● Activity
Output the data below only from the line containing "KY&BOSAM Tiffany Table" up to and including the line containing "Homiq Life Smart", exact and with the pictures left out.

● Given entries
Segment Open

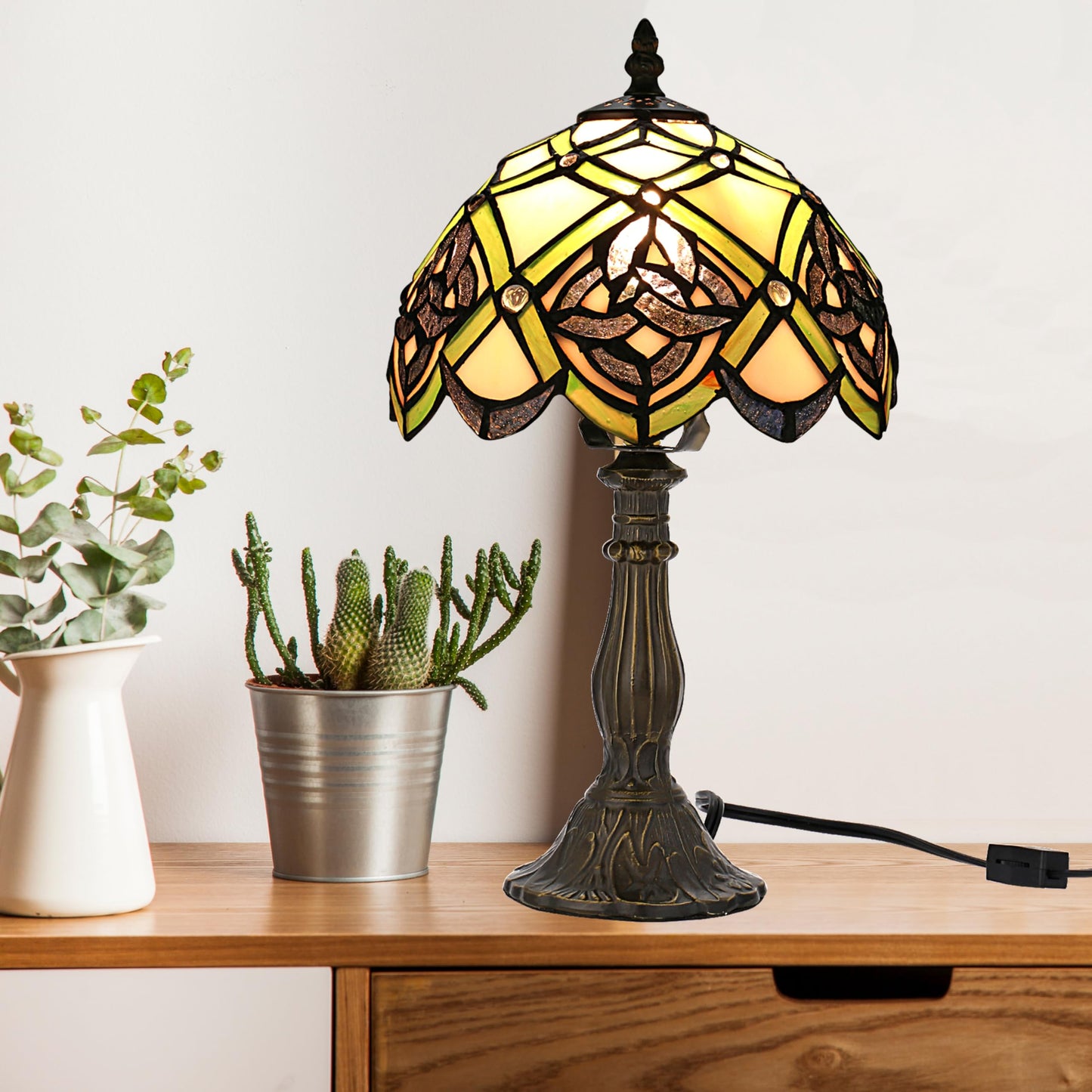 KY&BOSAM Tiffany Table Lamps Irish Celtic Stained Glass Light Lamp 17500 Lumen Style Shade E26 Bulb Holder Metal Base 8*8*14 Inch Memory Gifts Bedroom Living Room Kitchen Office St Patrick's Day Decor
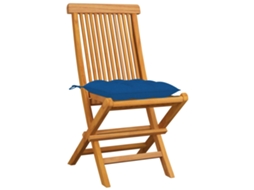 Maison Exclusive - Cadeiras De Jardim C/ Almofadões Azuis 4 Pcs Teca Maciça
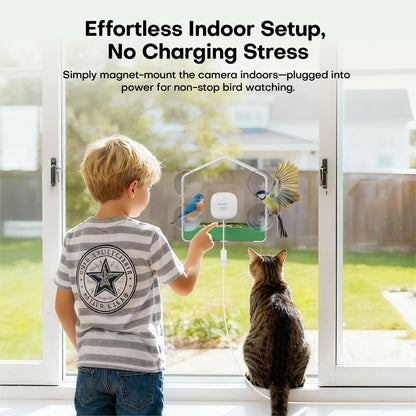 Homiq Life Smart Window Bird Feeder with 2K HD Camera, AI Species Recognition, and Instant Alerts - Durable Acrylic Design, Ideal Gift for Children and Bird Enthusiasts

Segment Closed
Segment Open

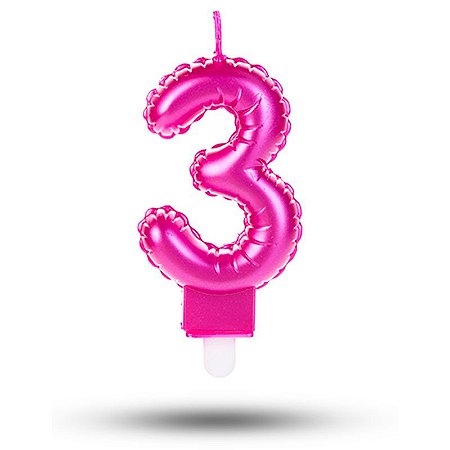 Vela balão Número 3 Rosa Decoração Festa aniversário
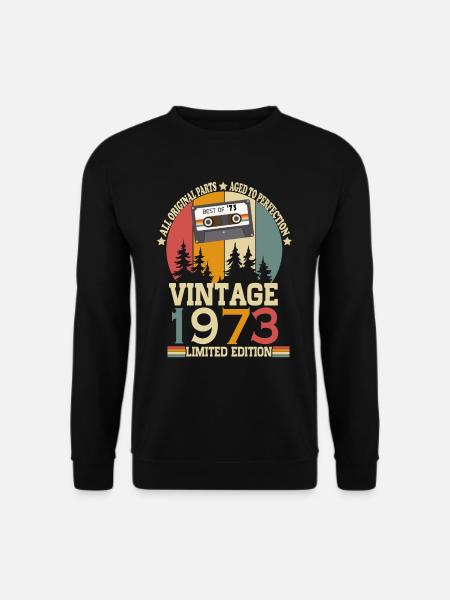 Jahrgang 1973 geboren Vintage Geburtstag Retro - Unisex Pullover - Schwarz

Segment Closed

● Expected answer
 KY&BOSAM Tiffany Table Lamps Irish Celtic Stained Glass Light Lamp 17500 Lumen Style Shade E26 Bulb Holder Metal Base 8*8*14 Inch Memory Gifts Bedroom Living Room Kitchen Office St Patrick's Day Decor
 Maison Exclusive - Cadeiras De Jardim C/ Almofadões Azuis 4 Pcs Teca Maciça
 Homiq Life Smart Window Bird Feeder with 2K HD Camera, AI Species Recognition, and Instant Alerts - Durable Acrylic Design, Ideal Gift for Children and Bird Enthusiasts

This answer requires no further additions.